(Collected data)
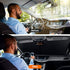 AstroAI Car Sun Shade Windshield -2 Piece Foldable Sunshade for Car Windshield Blocks Max UV Rays and Sun Heat, Titanium Silver Fabric Material, for Most Compact Sports Cars(Small 23.2 x 29.1 inches)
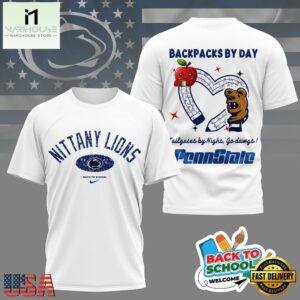 Penn State Nittany Lions Welcome Back To School 3D Shirt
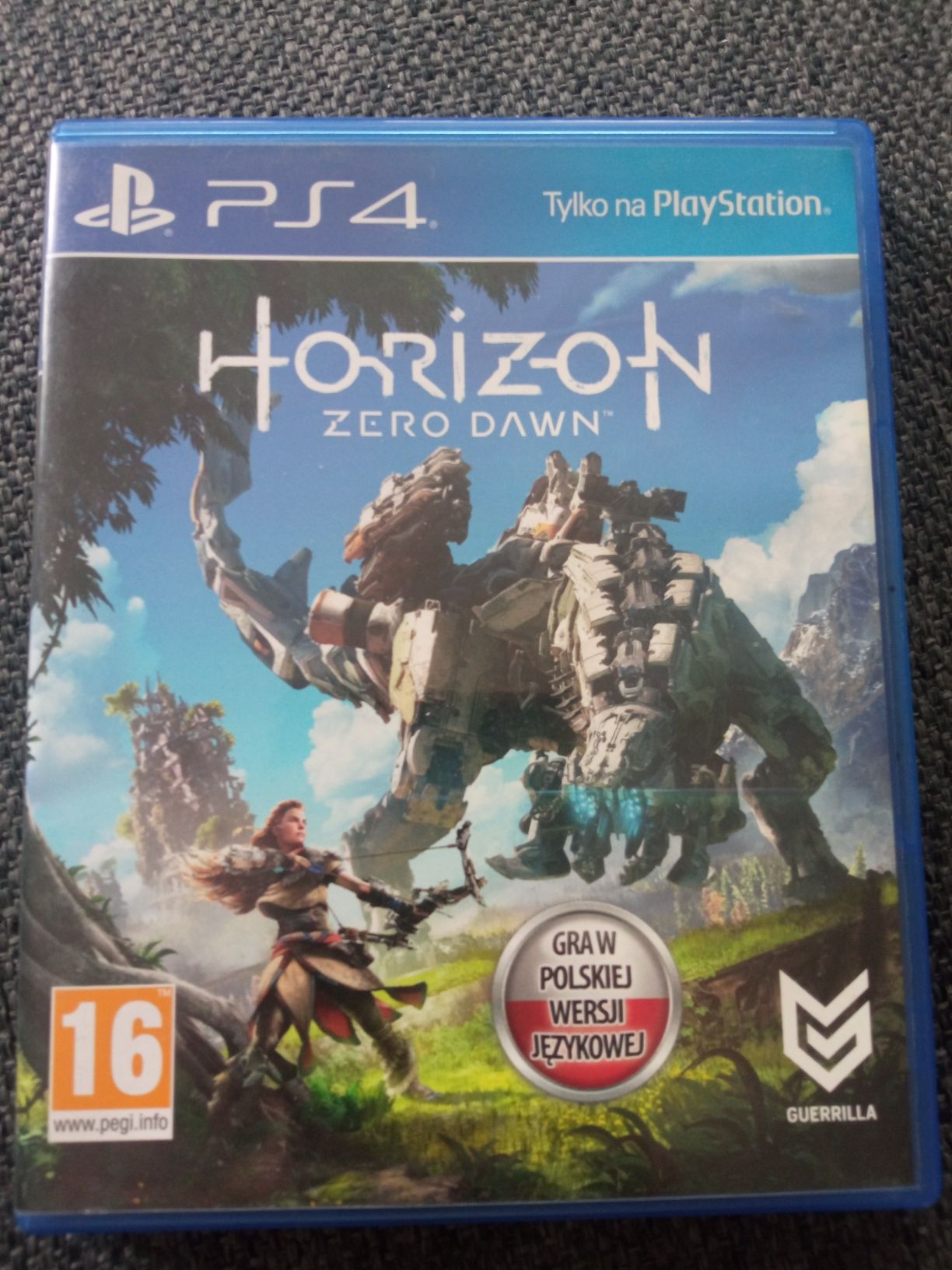 Gra Horizon Zero Dawno na pS4 używanap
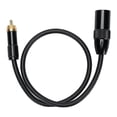 thumbnail image 2 of XLR To AV Cable, 0.5m Length Copper Core 3 Pin XLR Male To AV Plug Cable  for CD Player, 2 of 7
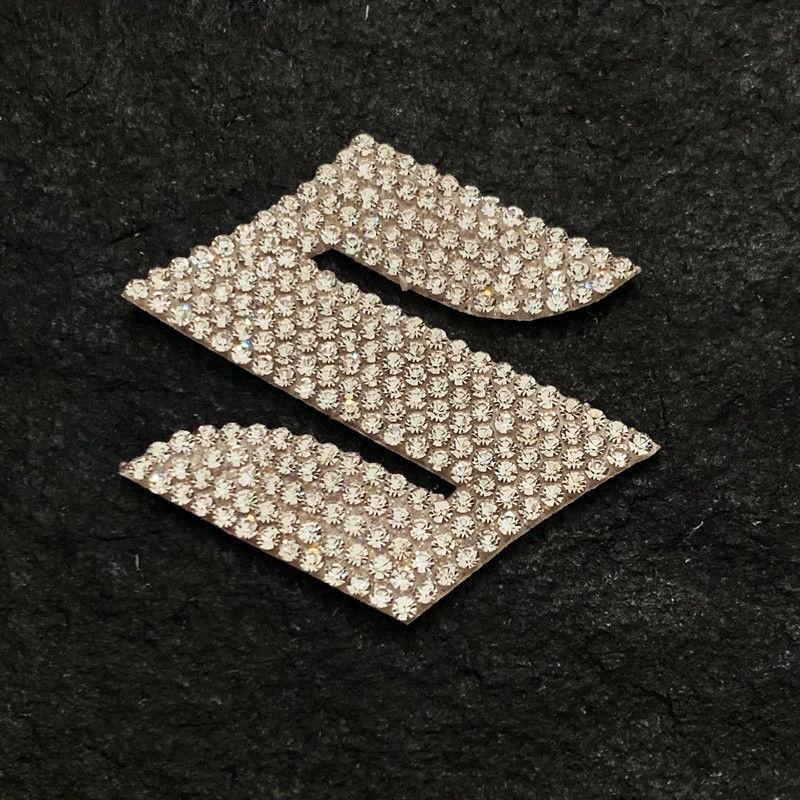 SGLink Dedicated Changan Suzuki Diamond-Studded สติ๊กเกอร์ติดพวงมาลัย Qiyue Witra Tianyu Swift พวงมาลัยโลโก้รถตกแต่งสติกเกอร์เพชร ราคา ถูกที่สุด ดีลบีเคเค แกลเลอรีภาพที่ 2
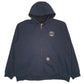 Mens Navy Carhartt  Full Zip Jumper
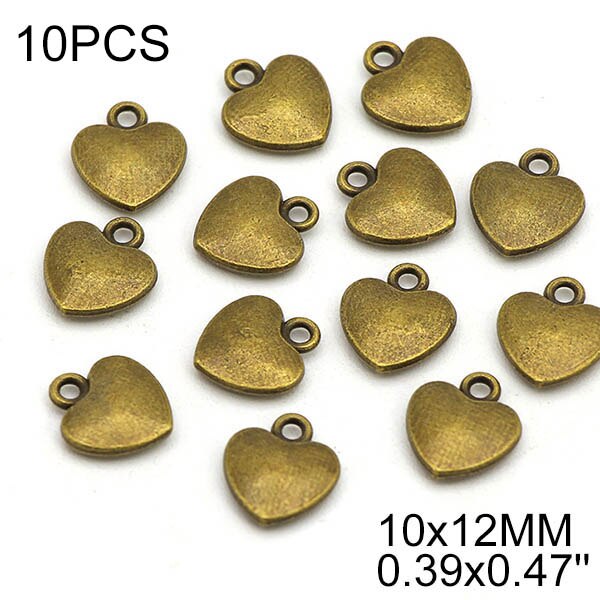 Sliver Brons Ronde Metalen Tags Handgemaakte Labels 14*14Mm Legering Naaien Labels Voor Ketting Armband Mode-sieraden Bevindingen 10Pcs: 5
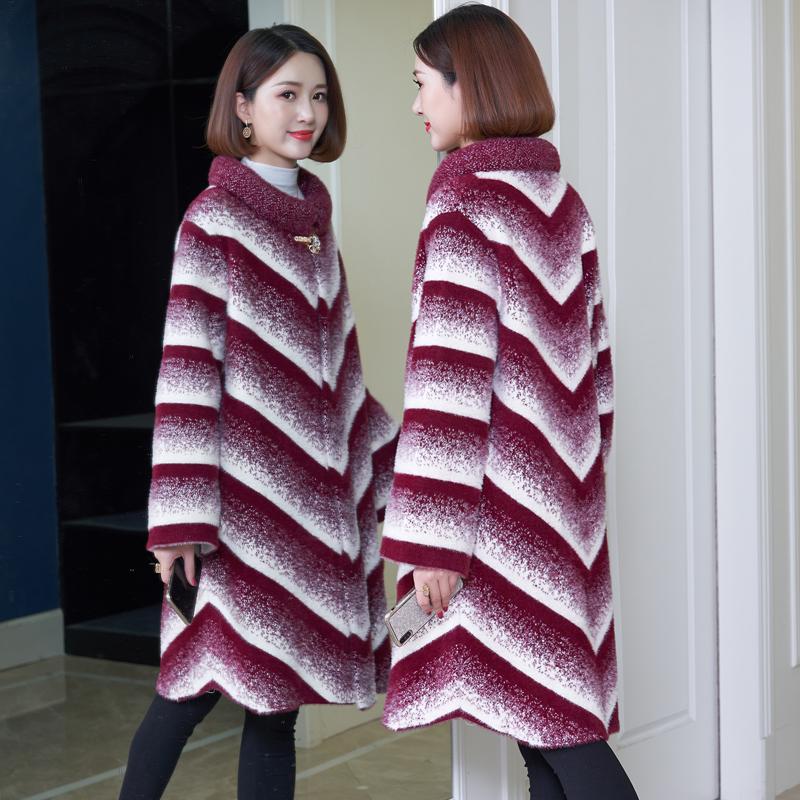 Fur Winter Casual Solid Teddy Coat Women Long Sleeve Fleece Long Jacket Turn Down Collar Lamb Fur Coat Outerwear Fourrure Fasion, Red
Fur Winter Casual Solid Teddy Coat Women Long Sleeve Fleece Long Jacket Turn Down Collar Lamb Fur Coat Outerwear Fourrure Fasion, Red
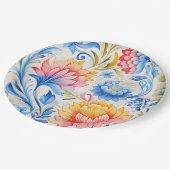 Ukrainian folk art pattern papieren bordje (Gekanteld)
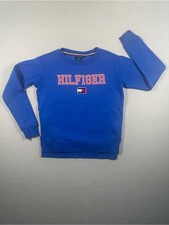 Tommy Hilfiger Blue Varsity Logo Sweatshirt Women s XXS or Kids Youth 12/14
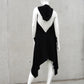 Kapuzenweste, lange Weste, Gothicmode, rückenfreue Weste, rückenfreies Kleidungsstück, rückenfreie Jacke, darkavantgarde Mode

▶ **TO DO**:
Reproduce all of the entries exactly as they appear, though any picture they include must be omitted.

▶ **ANSWER TO THIS EXERCISE**:
 AstroAI Car Sun Shade Windshield -2 Piece Foldable Sunshade for Car Windshield Blocks Max UV Rays and Sun Heat, Titanium Silver Fabric Material, for Most Compact Sports Cars(Small 23.2 x 29.1 inches)
 Penn State Nittany Lions Welcome Back To School 3D Shirt
 Gra Horizon Zero Dawno na pS4 używanap
 thumbnail image 2 of XLR To AV Cable, 0.5m Length Copper Core 3 Pin XLR Male To AV Plug Cable  for CD Player, 2 of 7
 SGLink Dedicated Changan Suzuki Diamond-Studded สติ๊กเกอร์ติดพวงมาลัย Qiyue Witra Tianyu Swift พวงมาลัยโลโก้รถตกแต่งสติกเกอร์เพชร ราคา ถูกที่สุด ดีลบีเคเค แกลเลอรีภาพที่ 2
 Mens Navy Carhartt  Full Zip Jumper
 Sliver Brons Ronde Metalen Tags Handgemaakte Labels 14*14Mm Legering Naaien Labels Voor Ketting Armband Mode-sieraden Bevindingen 10Pcs: 5
 Fur Winter Casual Solid Teddy Coat Women Long Sleeve Fleece Long Jacket Turn Down Collar Lamb Fur Coat Outerwear Fourrure Fasion, Red
Fur Winter Casual Solid Teddy Coat Women Long Sleeve Fleece Long Jacket Turn Down Collar Lamb Fur Coat Outerwear Fourrure Fasion, Red
 Ukrainian folk art pattern papieren bordje (Gekanteld)
 Tommy Hilfiger Blue Varsity Logo Sweatshirt Women s XXS or Kids Youth 12/14
 Kapuzenweste, lange Weste, Gothicmode, rückenfreue Weste, rückenfreies Kleidungsstück, rückenfreie Jacke, darkavantgarde Mode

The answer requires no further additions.